Change the order of integration: $\int_0^1 \int_0^1 \int_{x^2}^1 12 xz \exp(z y^2) \mathrm dy \mathrm dx \mathrm dz$

Question

Consider the following integral:

\begin{equation} \int_0^1 \int_0^1 \int_{x^2}^1 12 xz \exp(z y^2) \ \mathrm dy \ \mathrm dx \ \mathrm dz. \end{equation}

It has been said that the integral cannot be calculated, and one should first change the order of integration.

Any help concerning this problem is much appreciated. I cannot get to a final calculation, I am assuming I am not using the correct order of integration.

I try to change the integration from dy to dx and switch the bounds from 0 to 1 and sqrt(y) to 1 ... after doing this I integrate normally but either way I am still unable to solve the question.

Answer 1

In your last paragraph, it sounds like you're changing the integral to $$ \int _ 0 ^ 1 \int _ 0 ^ 1 \int _ { \sqrt y } ^ 1 \, \cdots \, \mathrm d x \, \mathrm d y \, \mathrm d z \text . $$ But this is incorrect. You're right that $ x = \sqrt { \mathstrut y } $ is one of the bounds (coming from $ y = x ^ 2 $ in the original integral, and using that $ x \geq 0 $ in the original integral to choose $ x = \sqrt { \mathstrut y } $ and reject $ x = - \sqrt { \mathstrut y } $). But $ x = 1 $ is not a correct bound. (Maybe this is enough for you to fix it; if not, then read on.)

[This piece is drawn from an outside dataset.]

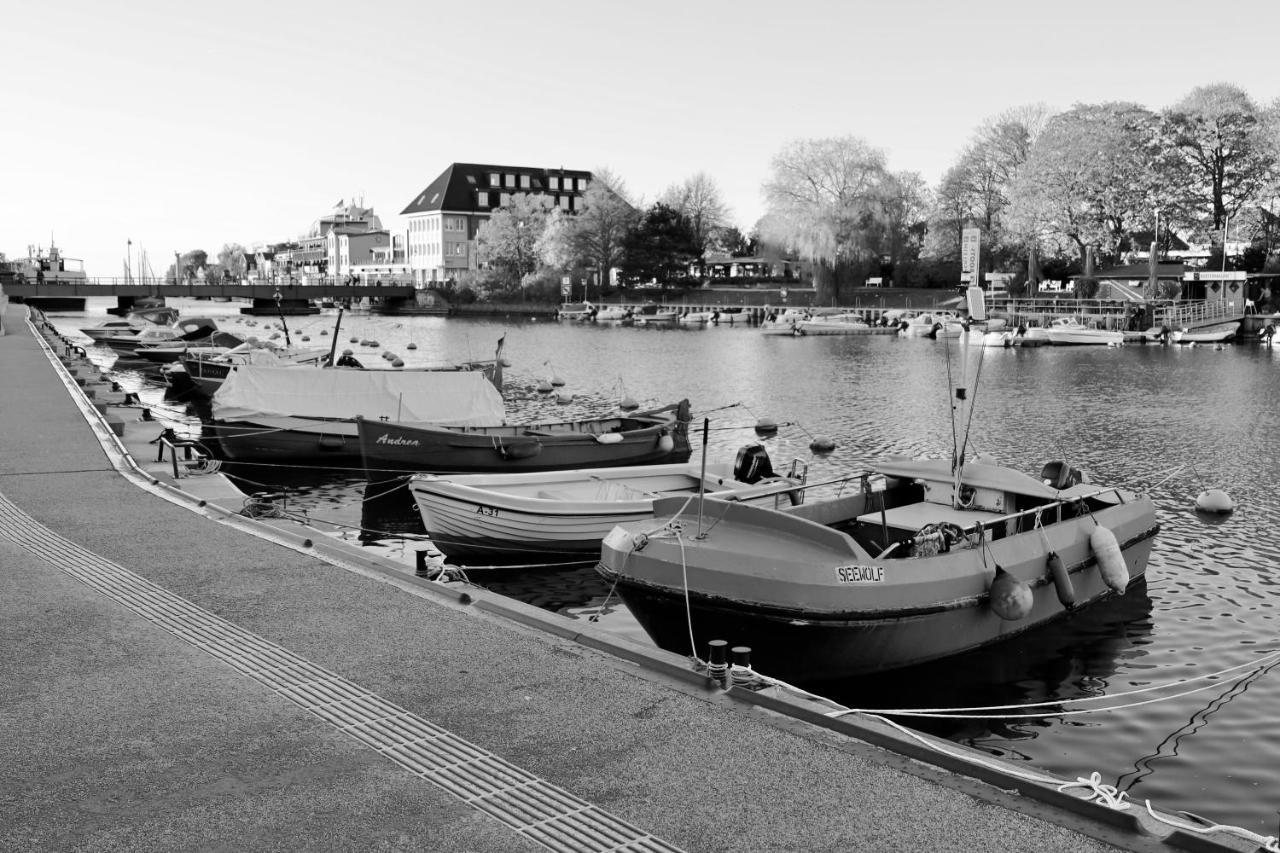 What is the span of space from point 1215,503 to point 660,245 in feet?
347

Ignoring $ z $ for the moment, the original integral has four bounds: $ y = x ^ 2 $, $ y = 1 $, $ x = 0 $, and $ x = 1 $. But one of these is what I call a fake bound: it appears in an outer integral, but it comes from equating the two bounds in an inner integral, rather than from an actual boundary curve (or surface) of the region of integration. In this case, equating the bounds for $ y $ in the inner integral gives $ x ^ 2 = 1 $, so $ x = 1 $ (one of the solutions to this) is a fake bound. You really only have $ y = x ^ 2 $, $ y = 1 $, and $ x = 0 $.

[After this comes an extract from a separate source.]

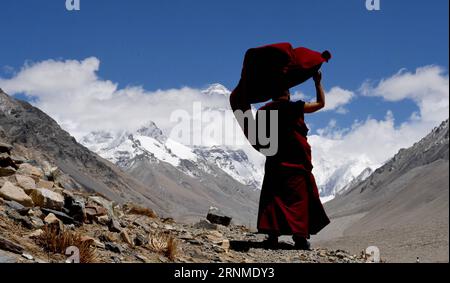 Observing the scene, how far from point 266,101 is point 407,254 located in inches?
2074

Solving $ y = x ^ 2 $ for $ x $ (and remembering that $ x \geq 0 $), you get $ x = \sqrt { \mathstrut y } $. So the bounds for $ x $ are $ x = \sqrt { \mathstrut y } $ and $ x = 0 $. Then one of the bounds for $ y $ is $ y = 1 $, and you get the other bound for $ y $ by equating the bounds for $ x $ in the inner integral to get $ \sqrt { \mathstrut y } = 0 $, so $ y = 0 $. Restoring $ z $ (which wasn't involved in the rest of this), the correct integral is $$ \int _ 0 ^ 1 \int _ 0 ^ 1 \int _ 0 ^ { \sqrt y } \, \cdots \, \mathrm d x \, \mathrm d y \, \mathrm d z \text . $$ (But if you want to change this again, remember that $ y = 0 $ is a fake bound.)

Now when you do the inner integral with respect to $ x $, you'll get an integral with respect to $ y $ that you can actually do.

Answer 2

Notice that the region $$0\leq x^2\leq y\leq1$$ is the region $$0\leq x\leq\sqrt y\leq 1$$ on the $xy$-plane. Therefore, we can change the iteration of the integral $$\bbox[10px, yellow, border: 2px solid blue]{\begin{align}x^2\leq y\leq 1\\0\leq x\leq1\\0\leq z\leq 1\end{align}}\to \bbox[10px, yellow, border: 2px solid blue]{\begin{align}0\leq x\leq \sqrt y\\0\leq y\leq1\\0\leq z\leq 1\end{align}}$$ The evaluation of the integral with the new bounds is done by dfnu in the comments. It is correct.